Conversely, inside the flagship store at ION Orchard, Chinese New Year blossoms have been chosen in place of any tableau that might give fashionistas, who are also Spirited Away fans, a foretaste of Ghibli Park, scheduled to open in Nagakute City, near Nagoya, Japan later this year. Only a single window, with a red bridge to denote the one outside the bathhouse of the film, hints at the filmic reference of the merchandise on display. In fact, if you are able to just walk into the store (you need to book a time and even then, you’d have to join a queue outside the store), you would not be greeted by a semblance of the bathhouse that is core to the film, or any part of the alternate world that Chichoro stumbled into and tried hard to get out of.
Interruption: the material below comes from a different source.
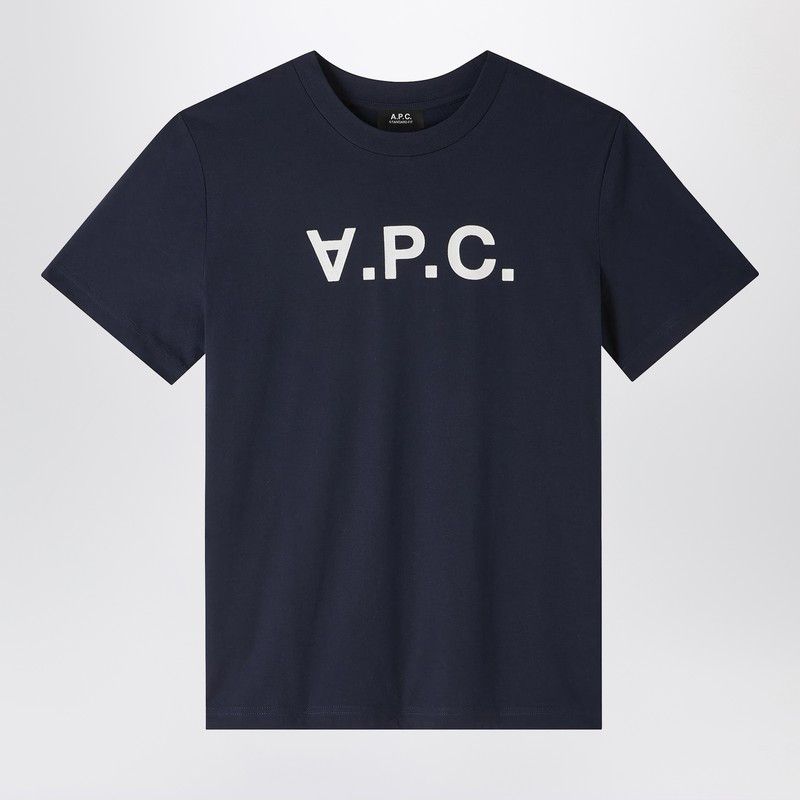 A.P.C. A.P.C. Light Yellow Crew-Neck T-Shirt With Logo Size US L / EU 52-54 / 3 - 1 Thumbnail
No, but a staff would direct you to those products you would have already decided to buy. Anything cute, as you read this, is likely sold out.

The two-decade-plus-old, hand-drawn Spirited Away is considered by most film critics to be the best animated film of all time. It won an Academy Award for Best Animated Feature in 2002. Most of us saw the version dubbed in English. The deftly-done translation did not in anyway Westernise the narrative for a non-Japanese audience. The Japanese-ness is not diminished, not even with the unspeaking No-Face. Nor, was there a weakening of the folklorish charisma. And that, to us, is the lure of the film. In that regard, Loewe, too, has not made the products on which the characters appear more—or even less—Spanish, or, worse, Disney-fied. The Puzzle bag with the Soot Spirits, for example, isn’t overrun by the puff-ball creatures—they are judiciously placed, retaining the house aesthetics, as well as a distinctly Japanese way with cuteness. Charmed.

Loewe X Spirited Away is available at Loewe, ION Orchard. Photos (except indicated): Zhao Xiangji

Poem Without Words

In a quiet presentation, Loewe holds one transfixed… and breathless

A large undecorated room. A perimeter of closely-seated guests. An opening in the floor in the centre of the fair-wood space. A gentle flow of spare, percussion-free music (While my Heart is still Beating, from the London-based Italian electronic act Not Waving and label mate Romance). Against this orchestral/electronic track—so stark, yet soaring in parts, it’s almost devotional—the models walk unhurriedly from the basement to to the open floor. Each measured step allows the clothes to be viewed in their structural or fluid brilliance. Nothing is as severe in simplicity as the music suggests. Each outfit evinces that there is a difference between dressing and wearing. Each, a study of balance, texture, and the unlikely. This could be Loewe’s strangest collection, and strongest yet. This is not an exploration of what having fun again would be like. This is fashion as if it never took a hiatus; expressive, as stylish life goes on. This is Jonathan Anderson reaching a climactic career apex.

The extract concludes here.